Çok sayıda canın yuvalanmasına aracılık ettim, çetelesini tutsam çıkan sayıya ne kendim inanırdım ne kimseyi inandırabilirdim. Can korumacılıkta senelerin uzunsa ve sözde değil özde bir hayvan hakları savunucu isen bu aslında çok da şaşırtıcı bir durum değildir.

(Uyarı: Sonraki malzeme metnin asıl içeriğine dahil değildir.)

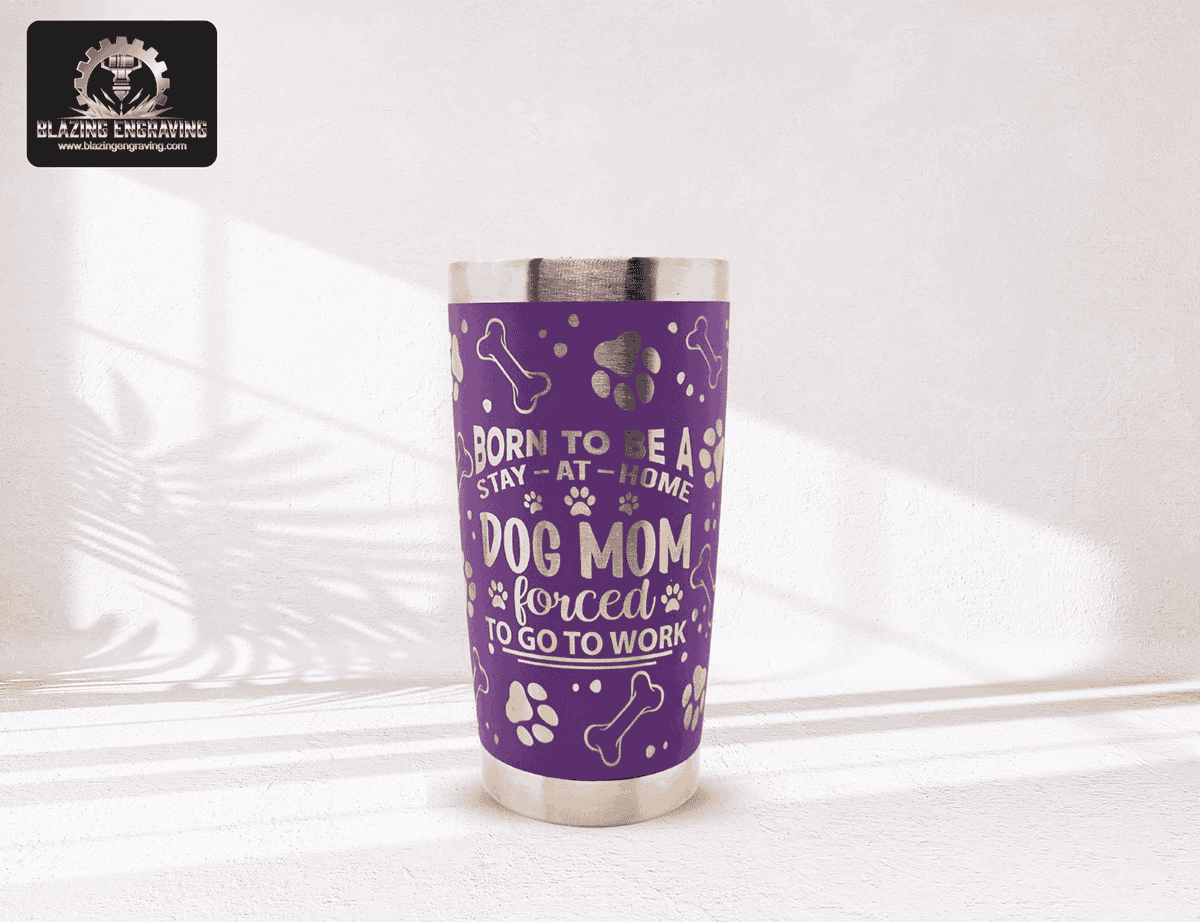 Purple stainless steel tumbler with silver laser-engraved dog paw prints, bones, and the phrase ‘Born to be a stay-at-home dog mom forced to go to work.’ Blazing Engraving logo in the top left corner.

Neyse efendim, benim dillendirmek istediğim, bu sahiplendirme işinin ne kadar zor olduğu. Sorumluluk sahibi bir insansan, sahiplendirme işini de çok ciddiye alman gerekir. Ben böyle yapıyorum açıkçası. Bu ciddiyeti abarttığım zamanlar da olmuyor değil. Hele de yuva aradığım canla göz teması kurmuşsam, ona yaşama tutunması adına emeğim geçmişse bu iş daha bir zor oluyor haliyle.

Bir ay oldu sanırım; gözleri yeni açılmış iki bebek kedi evimde misafirdi, biberonla büyüttüm onları, çişlerini, kakalarını yapmalarına yardımcı oldum. Lafın özü aynı insan yavrusu büyütür gibi özen gösterdim, geceleri uykumu bölüp ılık sütü taze taze verdim pembe beyaz ağızlarına.

Ama emeklerim karşılık buldu; birisi dişi, diğeri erkek çok güzel iki şirin kedi yavrusu olanca güzelliğiyle birbirleriyle oynamaya, sarmaş dolaş yatıp dünyanın belki de en güzel fotoğraf karelerini sergilemeye başladılar.

Bir kaç gündür de yumuşak toplarıyla, hışırdayan kağıt parçalarıyla ve gözlerine kestirdikleri hemen her nesneyle dakikalarca oynamaya başladılar. Onları seyretmek, yorulduklarında koşup kucağıma tırmanıp, minik karıncıklarını şişire şişire uyumalarını izlemek, yaşadığım onca zorluğu sıfıra indirdi işte.

Sıra artık bu iki bebeği yuvalandırmaya geldi, bunu iyi biliyorum. Evimdeki iki ağır abi ve abla, ufaklıkları asla istemiyor, kabul etmiyor çünkü. Biri ciddi hastalıkları atlatmış, diğeri ise üzerine kedi gelince kıskançlığından hasta olan, tüy döken, odalara gelmeyen bir kedi.

Lafın özü, geçici olarak Mıstık ve Miniş ismini verdiğim iki harika bebeğimi bir güzel sıcak yuvaya vermem, merhametli bir insana teslim etmem gerekti.

Ve bugün o insan, o melek, ikisini birbirinden ayırmadan alacağını, evlat gibi göreceğini söyledi bana. Açıkçası günlerdir yaşadığım sahiplendirme stresi bir anda gözyaşı olarak dökülüverdi. O da duygulandı, telefonun iki ucunda bir süre ağlaştık işte.

Ama bunlar mutluluk gözyaşı oldu ikimiz için de. Bebeklerimi elimle teslim edeceğim birkaç güne, evdeki çeyiz hazırlıkları bitsin hele. İç rahatlığıyla, huzurla bebeklerim o güzel insanın, meleğin evine gidecek. Sevgili torunları ziyaretlerine gelince, onlarla oynayacaklar, hayvan sevgileri pekişecek, ileriki yılların can savunuculuğu bayrağını teslim edeceğimiz gençler olacaklar. Ne mutlu bana ve ismini iznini almadığım için paylaşmadığım güzel arkadaşıma.

Darısı böyle benim bebeklerim gibi, sıcak yuva özlemiyle, güzel gözleri yollarda bekleyen diğer canların başına.